NTL Radomsko może sobie pozwolić nadawać na satelicie tylko dlatego, że posiada lokalny multipleks DVB-T, który zarabia, dzięki obecnym w nim nadawcom, płacącym za możliwość emisji. Popyt na miejsca w NTC jest tak duży, że nadawcy którzy wiedzą, że nie zyskają miejsca w ogólnokrajowych multipleksach (czyli stacje muzyczne, które byłyby konkurencją dla promowanych przez prezesa KRRiT stacji ZPR), zadowalają się obecnością w lokalnych multipleksach. Zysk z prowadzenia multipleksu, idzie w nadawanie satelitarne. Inaczej skończyliby, jak kaszubska lokalna telewizja CSB TV, TVN Warszawa (nawet TVN nie potrafił utrzymać lokalnej telewizji), czy musieliby odejść od lokalnego charakteru na rzecz ogólnokrajowego jak dawna TV Silesia, która wyewoluowała w obecną TVS.
Co się tyczy śmierci UHF, to jeśli zostanie maksymalnie wykorzystane przez nadawców (pełna obsada wszystkich możliwych multipleksów), to naciski telekomów będą odparte i szybki internet będzie bazował głownie na światłowodach a nie transmisji radiowej.

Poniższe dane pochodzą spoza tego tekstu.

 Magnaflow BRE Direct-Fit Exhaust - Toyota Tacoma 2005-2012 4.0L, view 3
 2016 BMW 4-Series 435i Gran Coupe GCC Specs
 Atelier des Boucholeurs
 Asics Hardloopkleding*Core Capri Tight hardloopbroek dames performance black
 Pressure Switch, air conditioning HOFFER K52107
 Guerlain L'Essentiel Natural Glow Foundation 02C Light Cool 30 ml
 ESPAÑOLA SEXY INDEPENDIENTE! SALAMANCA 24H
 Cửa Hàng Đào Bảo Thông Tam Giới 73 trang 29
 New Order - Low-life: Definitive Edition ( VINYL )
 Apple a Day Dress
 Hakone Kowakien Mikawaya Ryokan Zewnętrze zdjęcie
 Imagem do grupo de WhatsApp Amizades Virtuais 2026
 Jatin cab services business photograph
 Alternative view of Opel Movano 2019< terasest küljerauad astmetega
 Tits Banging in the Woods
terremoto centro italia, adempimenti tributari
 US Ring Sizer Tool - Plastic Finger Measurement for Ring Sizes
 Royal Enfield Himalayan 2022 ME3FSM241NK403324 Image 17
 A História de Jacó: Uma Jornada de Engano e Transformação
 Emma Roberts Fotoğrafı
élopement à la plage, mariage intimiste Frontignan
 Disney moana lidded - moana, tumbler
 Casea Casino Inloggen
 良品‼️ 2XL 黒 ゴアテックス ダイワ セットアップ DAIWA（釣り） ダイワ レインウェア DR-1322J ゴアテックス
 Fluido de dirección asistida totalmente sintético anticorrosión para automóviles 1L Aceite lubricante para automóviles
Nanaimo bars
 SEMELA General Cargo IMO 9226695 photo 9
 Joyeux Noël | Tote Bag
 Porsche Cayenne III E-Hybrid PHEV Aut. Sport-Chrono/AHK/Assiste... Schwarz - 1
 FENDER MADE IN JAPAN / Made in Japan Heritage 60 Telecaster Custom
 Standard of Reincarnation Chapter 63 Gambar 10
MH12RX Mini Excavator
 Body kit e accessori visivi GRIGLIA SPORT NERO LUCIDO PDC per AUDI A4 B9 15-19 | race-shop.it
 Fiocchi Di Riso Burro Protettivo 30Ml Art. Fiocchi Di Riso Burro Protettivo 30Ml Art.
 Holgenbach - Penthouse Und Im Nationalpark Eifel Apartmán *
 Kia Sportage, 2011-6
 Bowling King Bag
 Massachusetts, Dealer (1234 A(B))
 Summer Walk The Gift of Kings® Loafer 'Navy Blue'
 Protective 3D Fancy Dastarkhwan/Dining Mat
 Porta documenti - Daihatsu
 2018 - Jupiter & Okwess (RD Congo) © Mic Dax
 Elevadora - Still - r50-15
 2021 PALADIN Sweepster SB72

Czesi są praktycznym narodem i znajdą jakieś rozwiązanie dla nadawców lokalnych. Poza tym, nie wiadomo czy koncepcja 6 ogólnokrajowych multipleksów się utrzyma. Operatorzy techniczni, chcieliby łącznie mieć 6 multipleksów, ale to oznacza, że taką samą ilość multipleksów, powinni uwzględnić i dla przygranicznych terenów sąsiednich krajów. Na styku trzech krajów, może być z tym problem. Dopiero w 2018 roku ma się pojawić TPP (Techniczny Plan Przejścia na DVB-T2), czyli dopiero wtedy poznany docelowe częstotliwości, na których będą nadawane planowane multipleksy (bez pasma 700MHz). Do tego czasu jeszcze dużo może się zmienić.